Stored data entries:
§ §

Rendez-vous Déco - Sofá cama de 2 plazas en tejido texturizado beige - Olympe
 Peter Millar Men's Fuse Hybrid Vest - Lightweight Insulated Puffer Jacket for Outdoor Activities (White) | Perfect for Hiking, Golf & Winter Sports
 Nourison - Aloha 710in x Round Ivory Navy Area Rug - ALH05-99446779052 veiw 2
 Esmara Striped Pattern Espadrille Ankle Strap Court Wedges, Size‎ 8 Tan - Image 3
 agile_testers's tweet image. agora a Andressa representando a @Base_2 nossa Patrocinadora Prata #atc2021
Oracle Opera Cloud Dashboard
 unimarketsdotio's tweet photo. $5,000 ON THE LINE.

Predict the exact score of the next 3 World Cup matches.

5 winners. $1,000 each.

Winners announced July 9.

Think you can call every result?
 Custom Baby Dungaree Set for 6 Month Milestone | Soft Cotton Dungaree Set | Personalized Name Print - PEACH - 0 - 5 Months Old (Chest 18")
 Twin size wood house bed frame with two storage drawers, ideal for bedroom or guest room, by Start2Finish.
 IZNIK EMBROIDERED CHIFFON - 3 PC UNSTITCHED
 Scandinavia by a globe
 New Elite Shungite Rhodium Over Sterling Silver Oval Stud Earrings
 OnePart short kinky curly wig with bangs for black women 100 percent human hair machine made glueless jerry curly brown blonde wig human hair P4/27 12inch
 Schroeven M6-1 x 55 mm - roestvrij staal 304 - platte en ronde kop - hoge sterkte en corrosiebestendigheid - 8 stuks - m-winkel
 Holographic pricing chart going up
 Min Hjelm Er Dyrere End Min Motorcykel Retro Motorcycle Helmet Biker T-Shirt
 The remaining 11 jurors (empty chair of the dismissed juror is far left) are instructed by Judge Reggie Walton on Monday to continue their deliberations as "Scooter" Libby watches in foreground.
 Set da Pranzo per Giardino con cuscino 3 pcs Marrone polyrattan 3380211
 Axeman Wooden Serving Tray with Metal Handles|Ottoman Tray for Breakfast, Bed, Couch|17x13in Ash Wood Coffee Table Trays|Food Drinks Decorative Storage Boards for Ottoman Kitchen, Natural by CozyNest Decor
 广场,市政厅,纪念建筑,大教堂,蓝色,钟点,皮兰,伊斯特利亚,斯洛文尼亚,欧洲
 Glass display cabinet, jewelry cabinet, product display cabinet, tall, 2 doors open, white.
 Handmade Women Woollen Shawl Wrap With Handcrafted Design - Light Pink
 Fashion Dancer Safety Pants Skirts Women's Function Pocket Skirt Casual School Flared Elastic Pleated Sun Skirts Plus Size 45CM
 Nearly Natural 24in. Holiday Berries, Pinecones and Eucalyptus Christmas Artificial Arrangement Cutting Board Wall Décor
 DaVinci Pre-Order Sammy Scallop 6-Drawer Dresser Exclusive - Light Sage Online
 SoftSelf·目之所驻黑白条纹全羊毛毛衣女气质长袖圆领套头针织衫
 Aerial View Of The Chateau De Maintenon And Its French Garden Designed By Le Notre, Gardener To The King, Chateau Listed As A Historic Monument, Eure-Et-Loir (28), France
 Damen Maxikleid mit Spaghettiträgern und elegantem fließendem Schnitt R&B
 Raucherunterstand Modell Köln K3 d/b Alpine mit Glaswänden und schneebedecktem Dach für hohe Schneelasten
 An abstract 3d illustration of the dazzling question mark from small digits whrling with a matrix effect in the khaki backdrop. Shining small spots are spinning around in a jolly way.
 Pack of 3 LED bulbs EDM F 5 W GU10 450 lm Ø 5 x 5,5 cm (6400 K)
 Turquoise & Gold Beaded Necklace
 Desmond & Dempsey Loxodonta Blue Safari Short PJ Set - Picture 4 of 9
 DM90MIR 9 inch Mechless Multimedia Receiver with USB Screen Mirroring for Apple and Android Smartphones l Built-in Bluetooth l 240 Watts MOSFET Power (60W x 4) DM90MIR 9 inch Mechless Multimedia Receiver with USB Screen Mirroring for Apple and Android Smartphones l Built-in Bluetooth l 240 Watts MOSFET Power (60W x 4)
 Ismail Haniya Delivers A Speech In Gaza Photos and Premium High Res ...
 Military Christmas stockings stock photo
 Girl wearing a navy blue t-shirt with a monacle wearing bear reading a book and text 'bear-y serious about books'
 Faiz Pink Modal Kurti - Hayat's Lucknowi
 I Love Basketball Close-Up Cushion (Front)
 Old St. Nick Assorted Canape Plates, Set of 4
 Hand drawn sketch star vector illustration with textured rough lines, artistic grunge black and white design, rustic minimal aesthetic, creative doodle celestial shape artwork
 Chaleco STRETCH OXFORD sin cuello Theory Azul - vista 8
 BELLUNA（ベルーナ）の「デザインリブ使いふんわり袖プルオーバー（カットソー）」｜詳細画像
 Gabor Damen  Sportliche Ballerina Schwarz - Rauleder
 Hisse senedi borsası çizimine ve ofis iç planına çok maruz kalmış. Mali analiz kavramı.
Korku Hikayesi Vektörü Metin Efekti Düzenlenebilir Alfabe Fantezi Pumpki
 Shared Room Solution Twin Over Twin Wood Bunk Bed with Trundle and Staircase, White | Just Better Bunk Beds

§ §

- Assigned task: Please print exactly the lines of the entries above, beginning with the line that contains "Military Christmas stockings stock photo" and ending with the last line.

- The answer:
 Military Christmas stockings stock photo
 Girl wearing a navy blue t-shirt with a monacle wearing bear reading a book and text 'bear-y serious about books'
 Faiz Pink Modal Kurti - Hayat's Lucknowi
 I Love Basketball Close-Up Cushion (Front)
 Old St. Nick Assorted Canape Plates, Set of 4
 Hand drawn sketch star vector illustration with textured rough lines, artistic grunge black and white design, rustic minimal aesthetic, creative doodle celestial shape artwork
 Chaleco STRETCH OXFORD sin cuello Theory Azul - vista 8
 BELLUNA（ベルーナ）の「デザインリブ使いふんわり袖プルオーバー（カットソー）」｜詳細画像
 Gabor Damen  Sportliche Ballerina Schwarz - Rauleder
 Hisse senedi borsası çizimine ve ofis iç planına çok maruz kalmış. Mali analiz kavramı.
Korku Hikayesi Vektörü Metin Efekti Düzenlenebilir Alfabe Fantezi Pumpki
 Shared Room Solution Twin Over Twin Wood Bunk Bed with Trundle and Staircase, White | Just Better Bunk Beds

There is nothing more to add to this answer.